Enabling "DarwinCore Archive (DwC-A) export" module

image

Archilegt commented 2 years ago

Related:

6373

6410

To check: Updated Myriatrix DwC-Archive should form at: https://myriatrix.myspecies.info/gbif-dwca.zip @ManonGros may be able to run this archive through the GBIF IPT validator and give feedback to me and @therobyouknow

On Mon, Jun 7, 2021 at 3:53 PM Ben Scott [b.scott@nhm.ac.uk](mailto:b.scott@nhm.ac.uk) wrote:

I’ve also updated the permissions on your Scratchpad so should you want to rebuild the archive again you can visit http://myriatrix.myspecies.info/#overlay=admin/config/content/dwcarchiver and click the link “Rebuild” next to GBIF DwCA.

I have tried it on http and https and it is not working on my side. If it becomes functional, I could trigger DwC-A updates at will and it would be easier to send regular updates to GBIF.

Archilegt commented 2 years ago

Just to be clear: Fixing formation of DwC-A via admin/config/content/dwcarchiver is not a topic for today. It is an important thing to do but it can wait and it can be tracked on a separate issue.

therobyouknow commented 2 years ago

Thank you @Archilegt

The "DarwinCore Archive (DwC-A) export" module is now enabled

And there is now a facility to download, to your machine, 2 .zip files - see this URL when logged in as admin: https://myriatrix.myspecies.info/admin/config/content/dwcarchiver/list

image

Can you access this to download? If not I will attempt to perform the downloads by clicking on the download links. Do you know how to make the downloaded zip files available to DarwinCore Archive?

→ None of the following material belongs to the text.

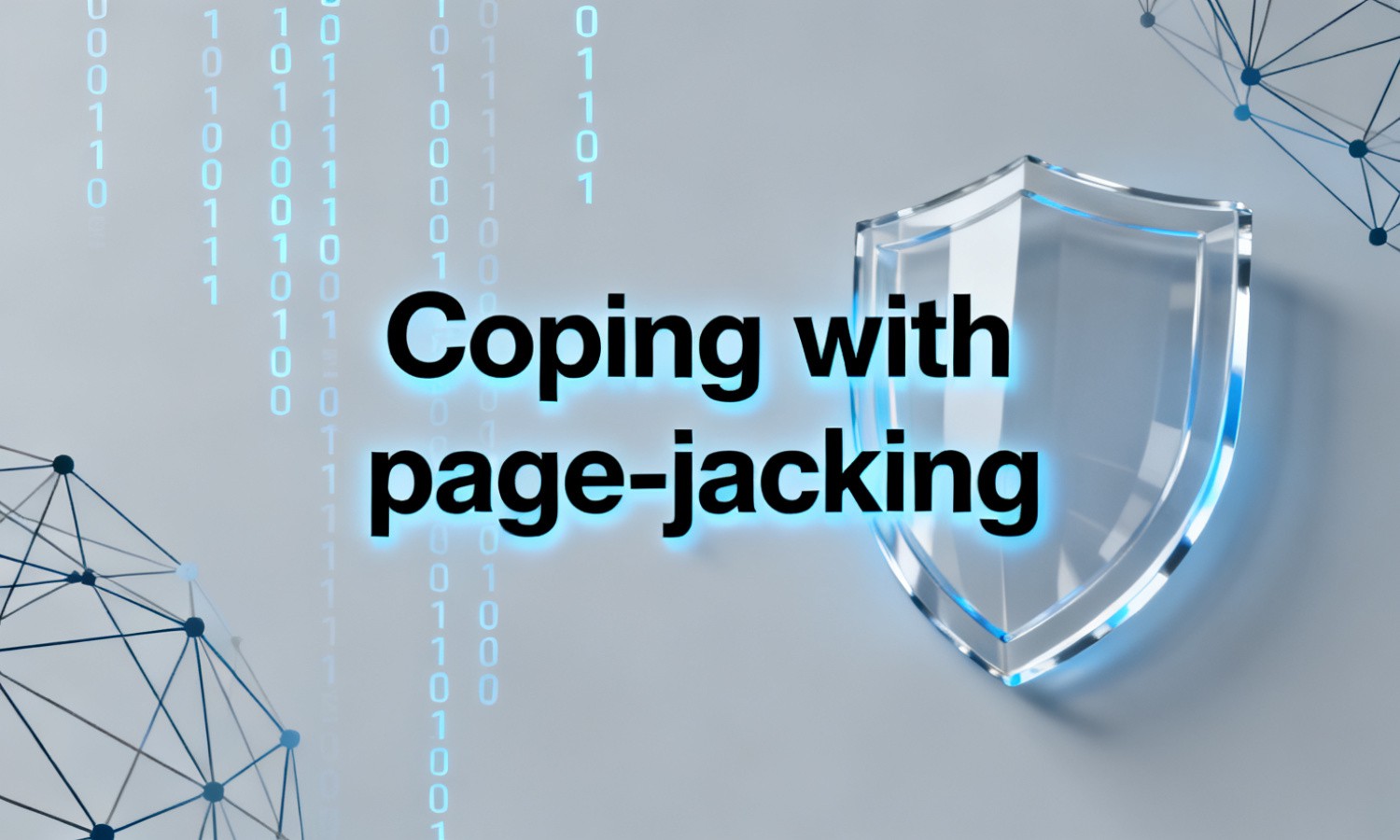 Coping with page-jacking
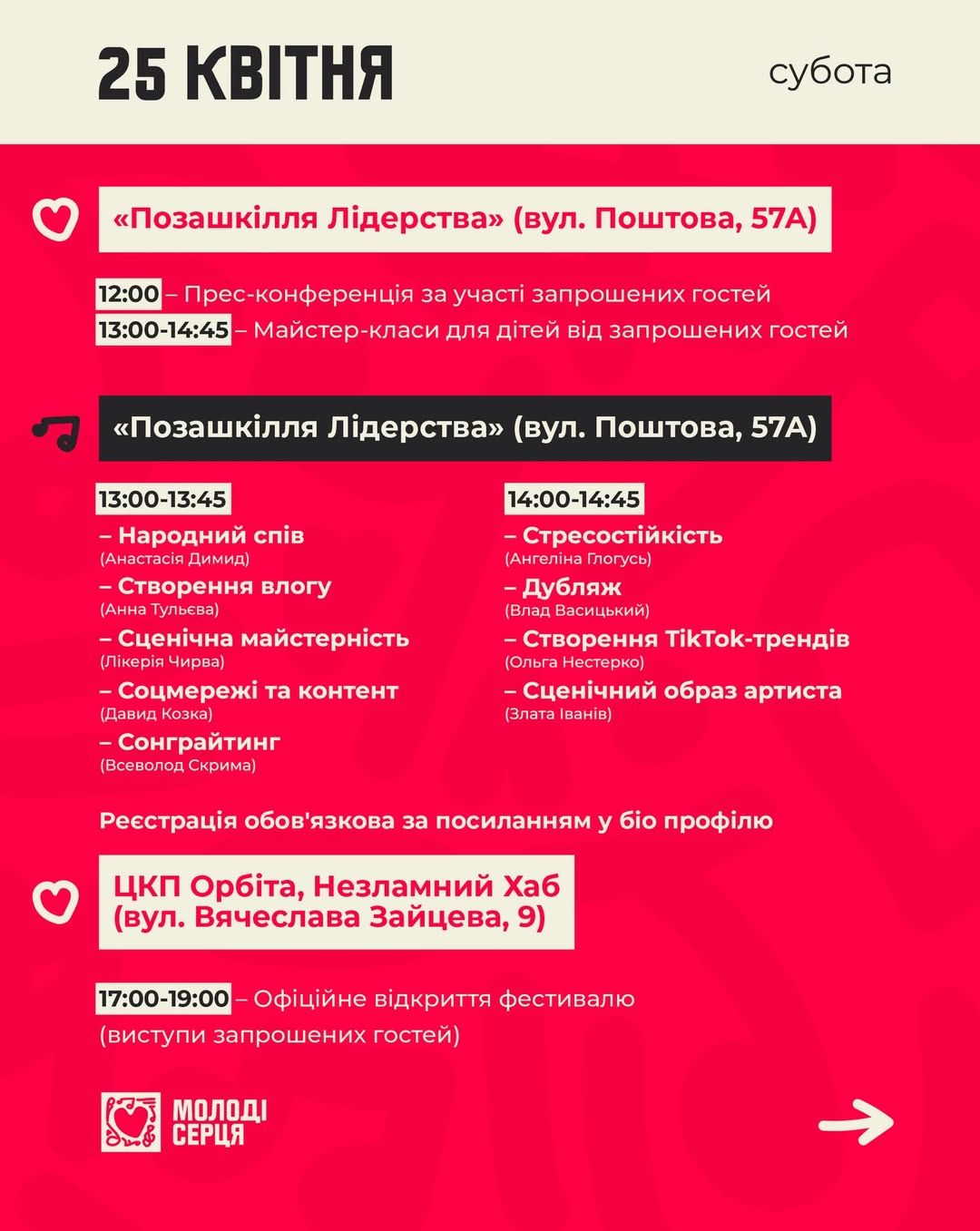 Запорізький музичний фестиваль «Молоді серця»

Later on I would be looking to update the training with information about how to do it. https://scratchpads.readthedocs.io/en/latest/index.html

benscott commented 2 years ago

Hi @Archilegt - I've just rebuilt the DwC-A. Can you downlod the latest version now?

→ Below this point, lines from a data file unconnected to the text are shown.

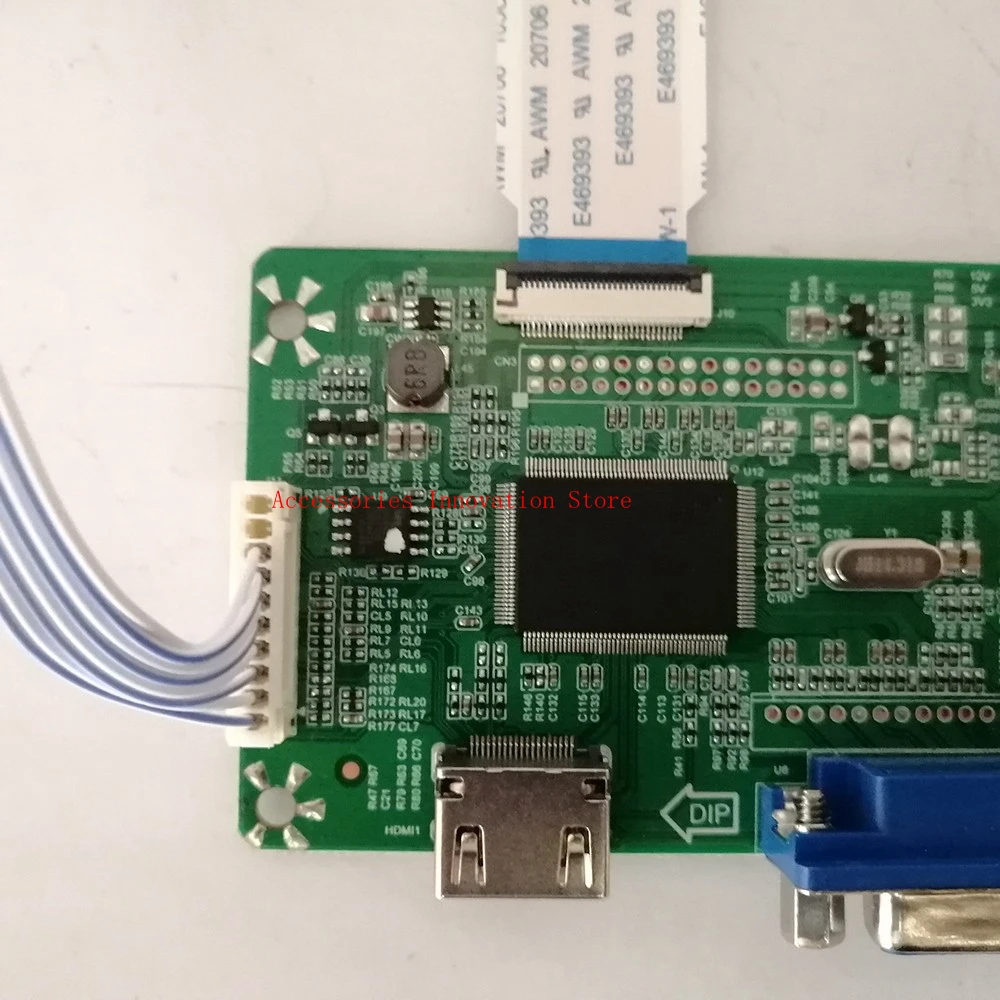 HDMI + VGA аудио монитор комплект B156XTN07.0 HW0A / HW5A 1366X768 драйвер контроллера BoardLCD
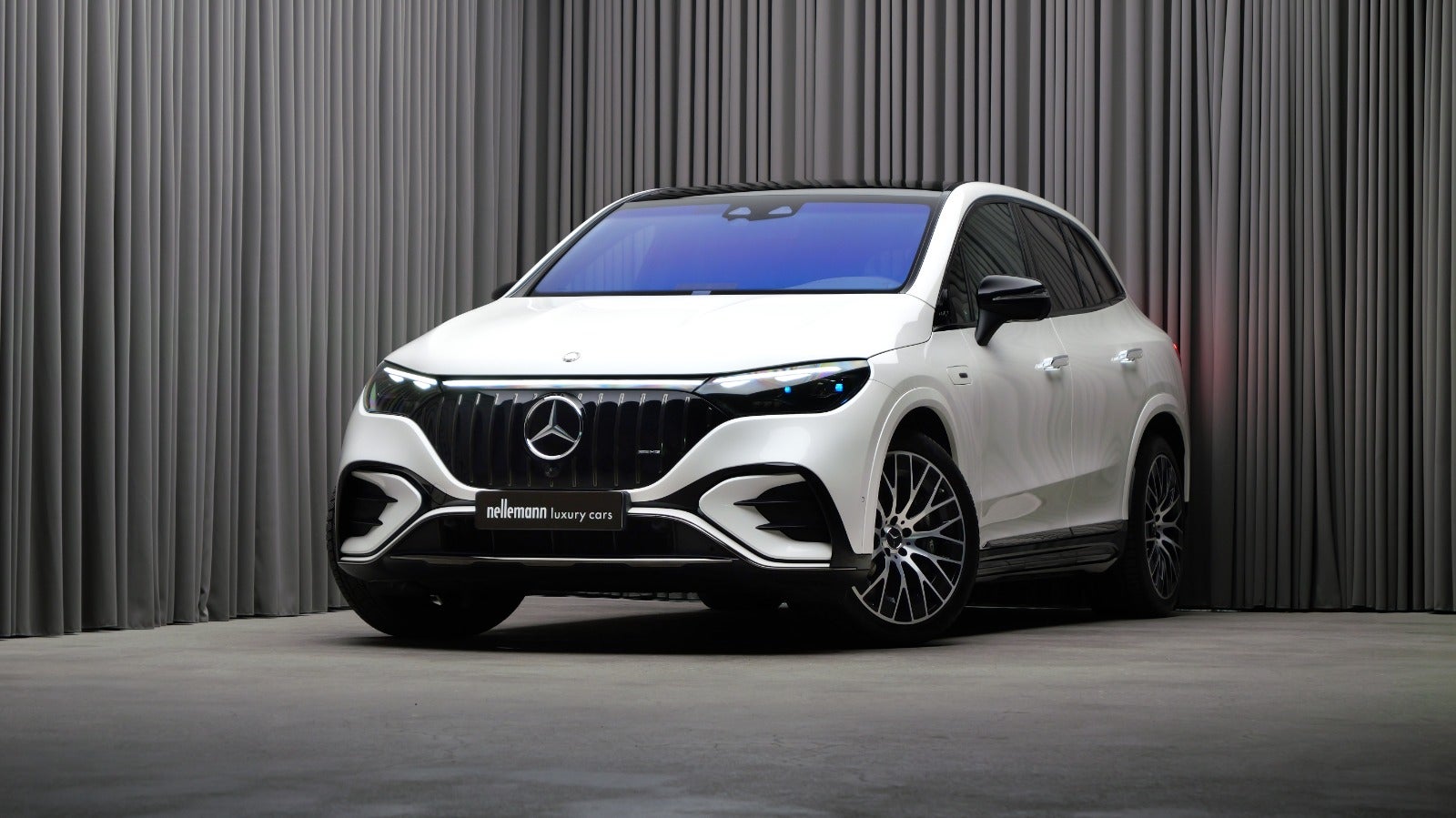 Mercedes EQE43 SUV AMG 4Matic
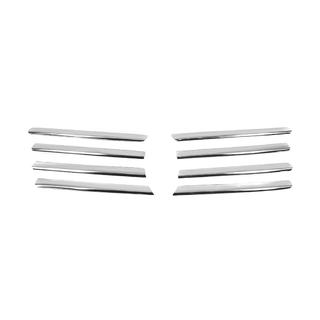 Chrom Kühlergrill Blenden (V-class, Edelstahl) Mercedes Vito W638 1996-2003 Foto 4
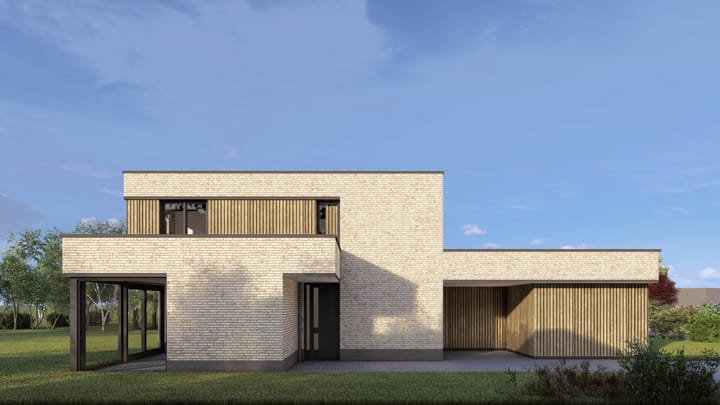 Foto 3 van Modulaire villa (Bouwnr. 1)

Archilegt commented 2 years ago

It may be a temporary glitch but both https://myriatrix.myspecies.info/#overlay=admin/config/content/dwcarchiver and https://myriatrix.myspecies.info/admin/config/content/dwcarchiver/list give me "Access denied". I have two GBIF/DwC-A related options (DwC-Archive settings and GBIF registration settings) in Content but not DwC-Archiver and consequently I cannot access "List" within it. image

benscott commented 2 years ago

I'll talk to Rob now and we'll sort out the access permissions - in the meantime the latest DwC-A is available at https://myriatrix.myspecies.info/gbif-dwca.zip

Archilegt commented 2 years ago

Many thanks, @benscott and @therobyouknow! I already see the file size change, from 2.0 to 2.1 Mb.

Archilegt commented 2 years ago

@dimus, please let me know if you could work directly with the archive at https://myriatrix.myspecies.info/gbif-dwca.zip

dimus commented 2 years ago

@Archilegt the DwCA file looks fine, however I will know if it can be imported some time later. We had a network shutdown in July and the machine I used for imports seem to be dead. I can either try to revive it physically when I am back to Illinois, or figure out a new place for imports.

dimus commented 2 years ago

@Archilegt Myriatrix is updated: https://verifier.globalnames.org/data_sources/193

Archilegt commented 2 years ago

Follow up: @benscott, @therobyouknow, please let me know when I have access to the tool for triggering formation of the DwC-A. I have made the corrections to chained synonyms indicated by Marie Grosjean (GBIF) and she could import the new file. Also, the chained synonyms are preventing @dimus from recovering a tree hierarchy for them at the Global Names Architecture.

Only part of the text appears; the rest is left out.